What is required ▸
Give back every record exactly, images excluded.

Extracted material ▸

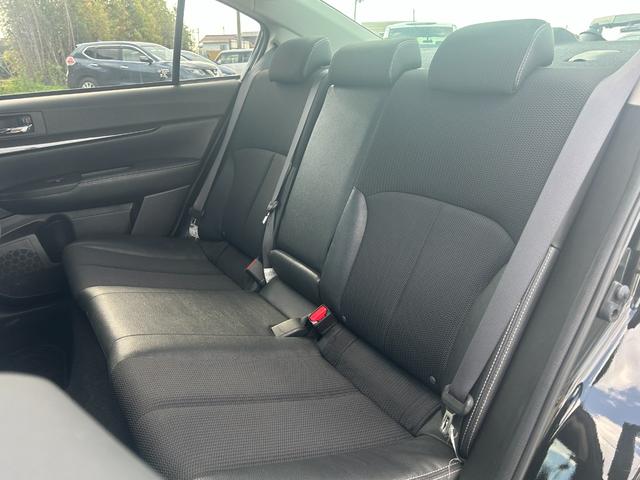 レガシィB4 2.5i BスポーツアイサイトGパッケージ 後期モデル タイミングチェーン Bluetoothオーディオ フルセグTV バックカメラ ETC レーダークルコン ハーフレザーシート パワーシート スマートキー プッシュスタート 純正17インチAW(26枚目)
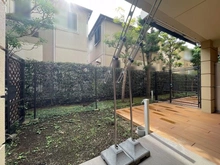 【神奈川県/横浜市戸塚区戸塚町】グランシティユーロコート戸塚 専用庭：ウッドデッキ部分　オープンエアリビング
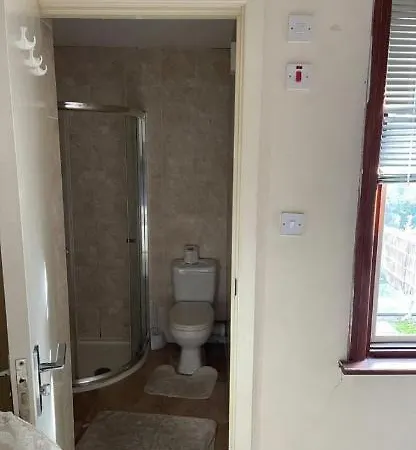 Beautiful Studio Flat Apartment Enfield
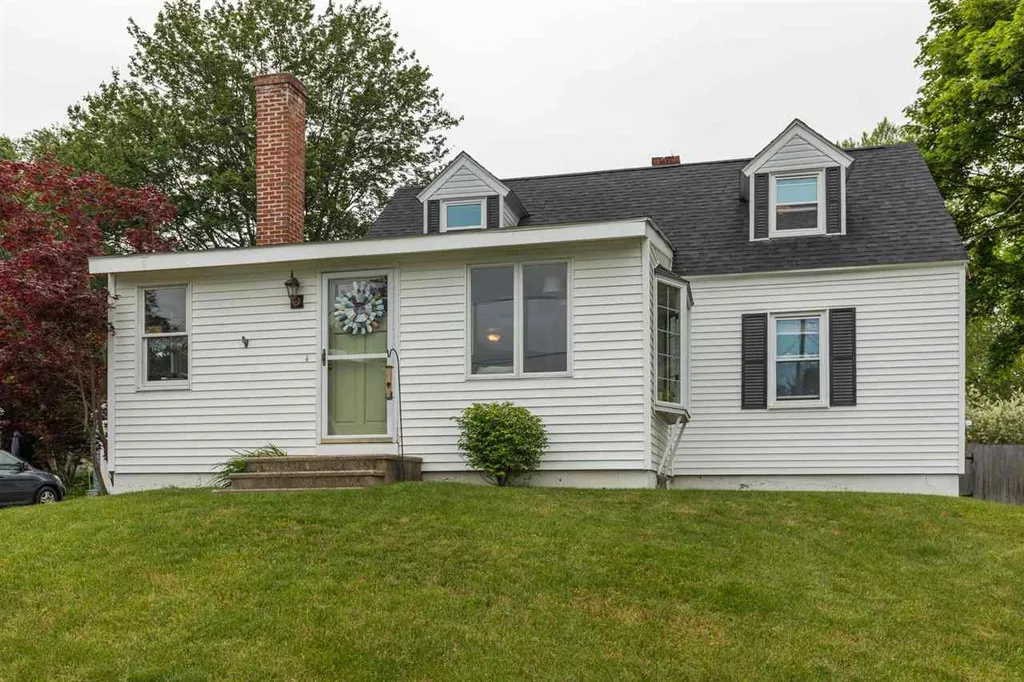 12 Spinney Creek Road Eliot ME 03903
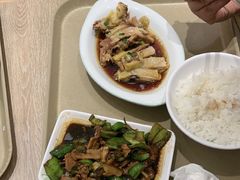 -老乡鸡(融科天地店)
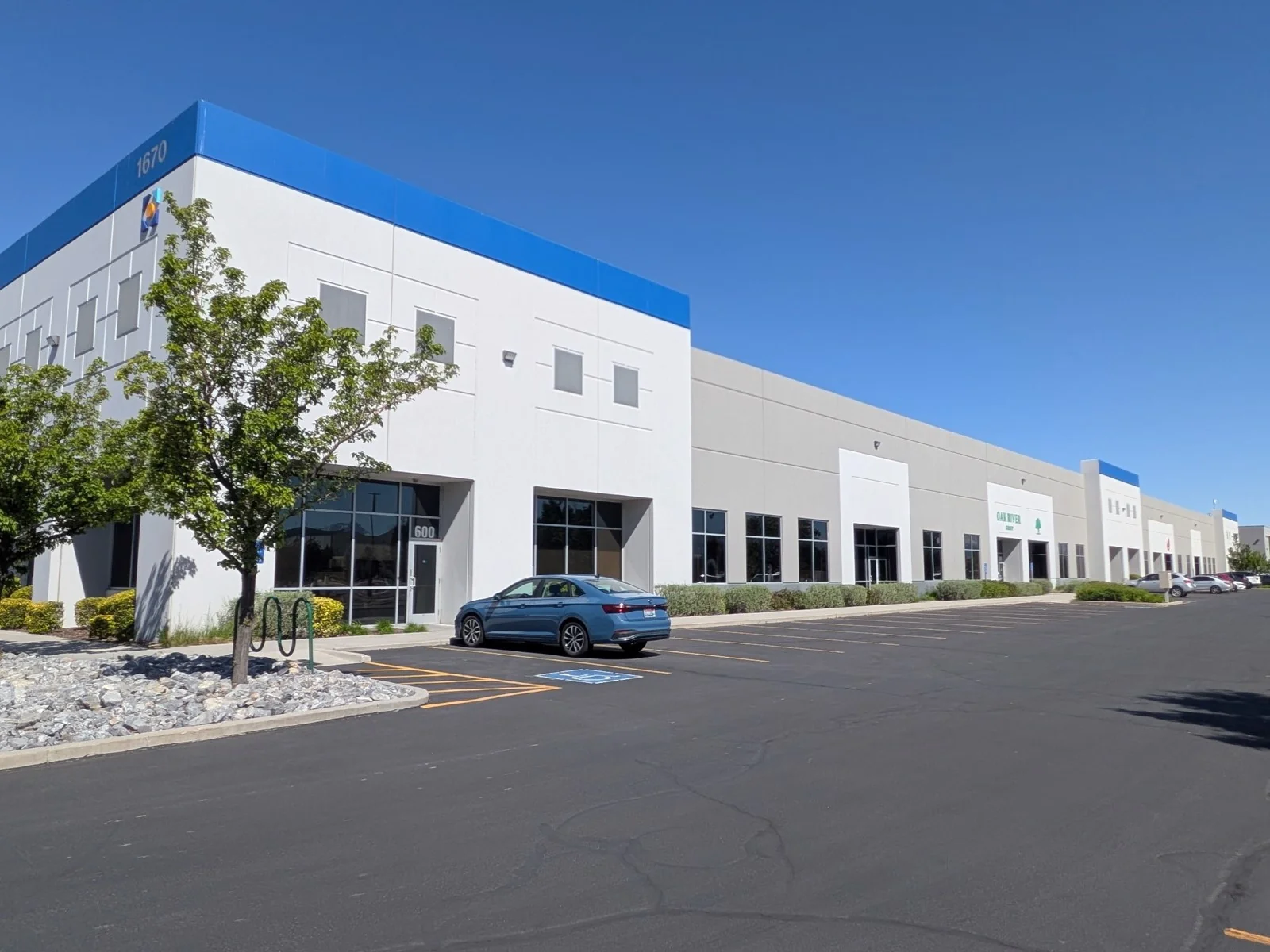 Landmark Commerce Center, Bldg 2 — Lease in Salt Lake City, UT, photo 1 of 3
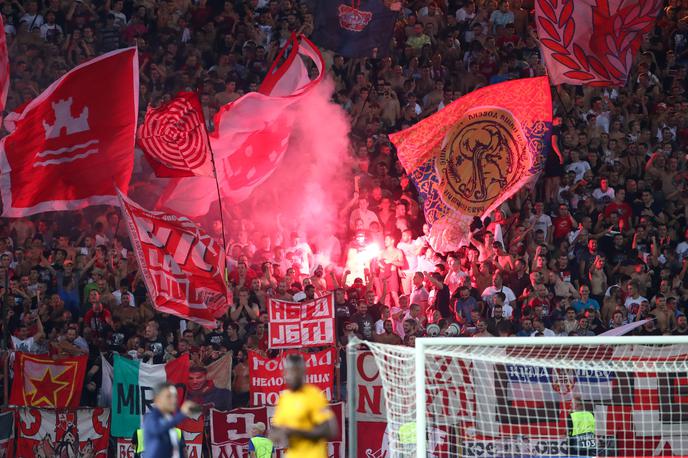 Crvena zvezda Delije | Crveno zvezdo že spodbujajo Delije. | Foto Reuters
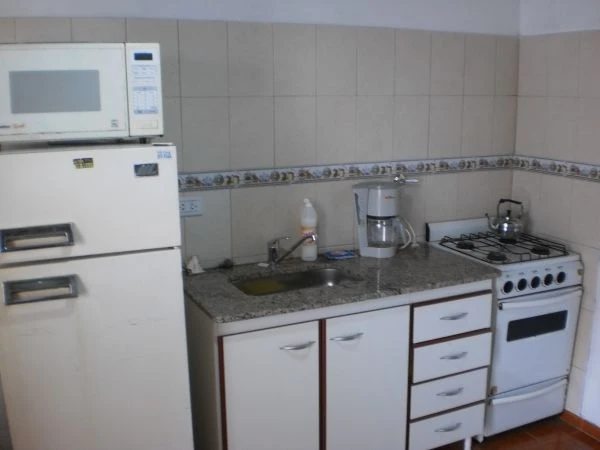 2 Ambientes a Estrenar - Entrada de Auto - Barrio San Rafael - A 8 cuadras del mar - a 1 cuadra de la Av. Libertador - Dúplex/Tríplex en Mar de Ajó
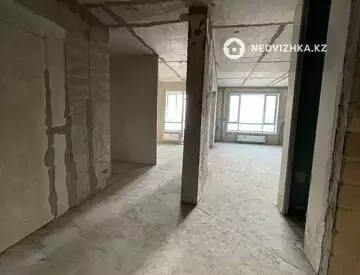 4-комнатная квартира, этаж 11 из 19, 155 м²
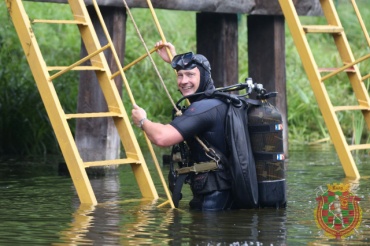 Под водной гладью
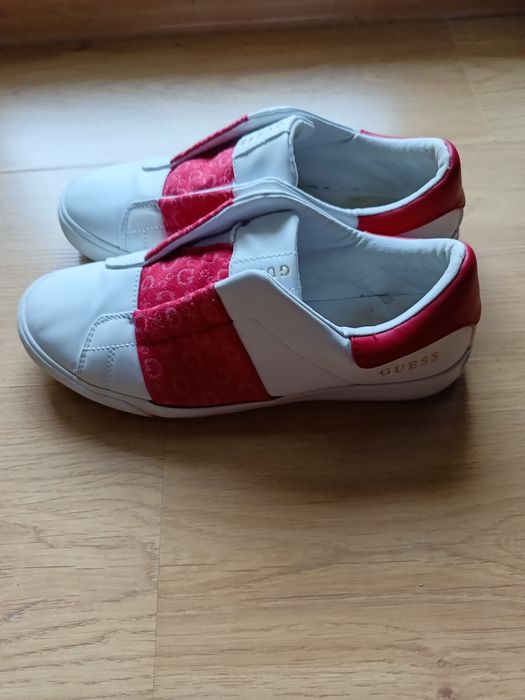 Buty damskie sportowe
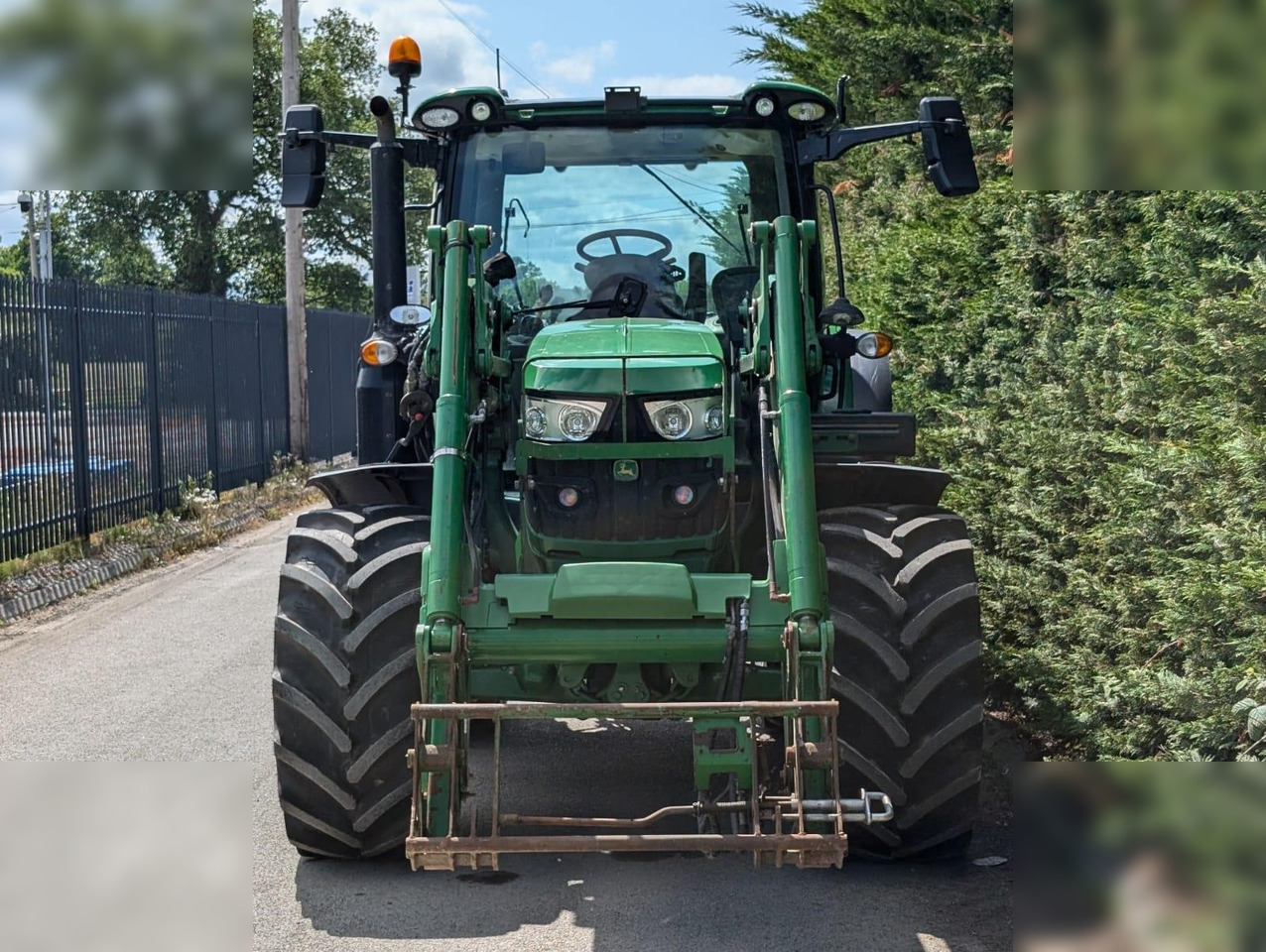 Traktor 2020 JOHN DEERE 6130R: bild 7 Traktor 2020 JOHN DEERE 6130R: bild 7
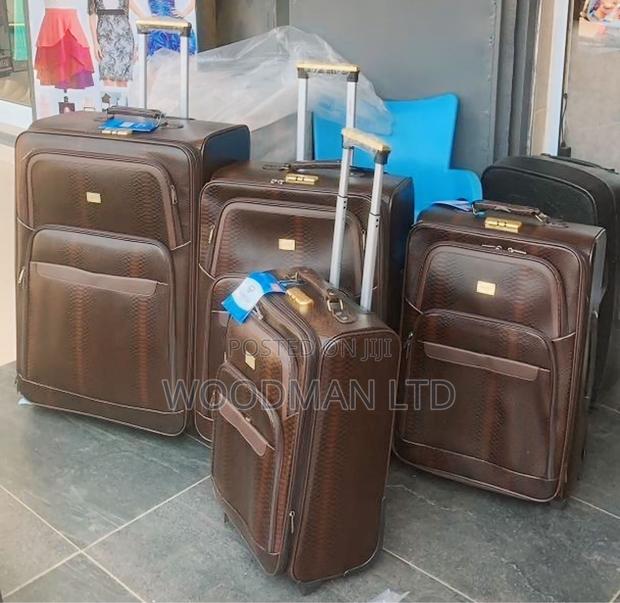All Leather Travel Bag · Photo 1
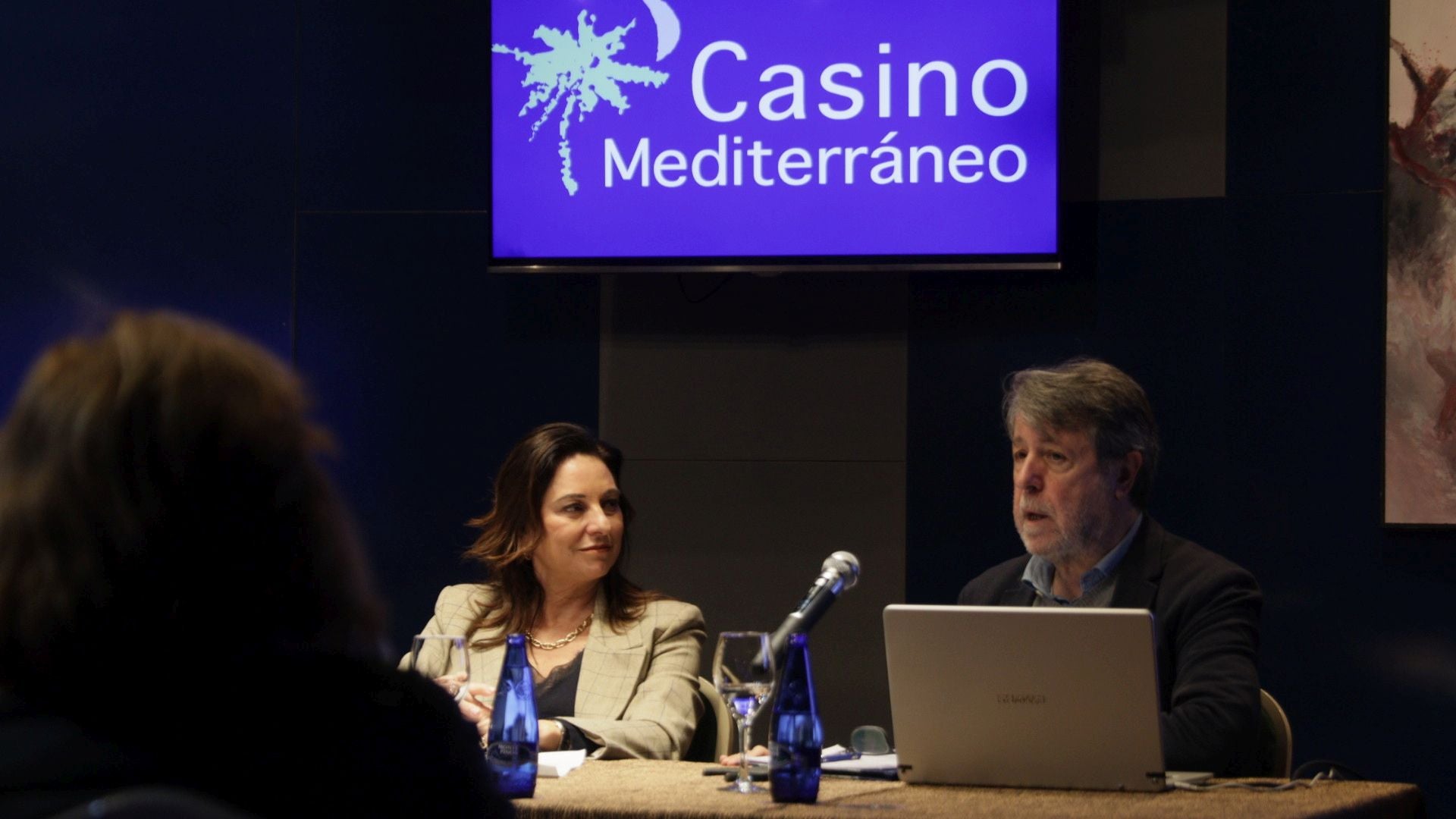 Vicente Climent presenta &#039;Debajo del agua&#039; en Alicante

Solution for this task ▸
 レガシィB4 2.5i BスポーツアイサイトGパッケージ 後期モデル タイミングチェーン Bluetoothオーディオ フルセグTV バックカメラ ETC レーダークルコン ハーフレザーシート パワーシート スマートキー プッシュスタート 純正17インチAW(26枚目)
 【神奈川県/横浜市戸塚区戸塚町】グランシティユーロコート戸塚 専用庭：ウッドデッキ部分　オープンエアリビング
 Beautiful Studio Flat Apartment Enfield
 12 Spinney Creek Road Eliot ME 03903
 -老乡鸡(融科天地店)
 Landmark Commerce Center, Bldg 2 — Lease in Salt Lake City, UT, photo 1 of 3
 Crvena zvezda Delije | Crveno zvezdo že spodbujajo Delije. | Foto Reuters
 2 Ambientes a Estrenar - Entrada de Auto - Barrio San Rafael - A 8 cuadras del mar - a 1 cuadra de la Av. Libertador - Dúplex/Tríplex en Mar de Ajó
 4-комнатная квартира, этаж 11 из 19, 155 м²
 Под водной гладью
 Buty damskie sportowe
 Traktor 2020 JOHN DEERE 6130R: bild 7 Traktor 2020 JOHN DEERE 6130R: bild 7
All Leather Travel Bag · Photo 1
 Vicente Climent presenta &#039;Debajo del agua&#039; en Alicante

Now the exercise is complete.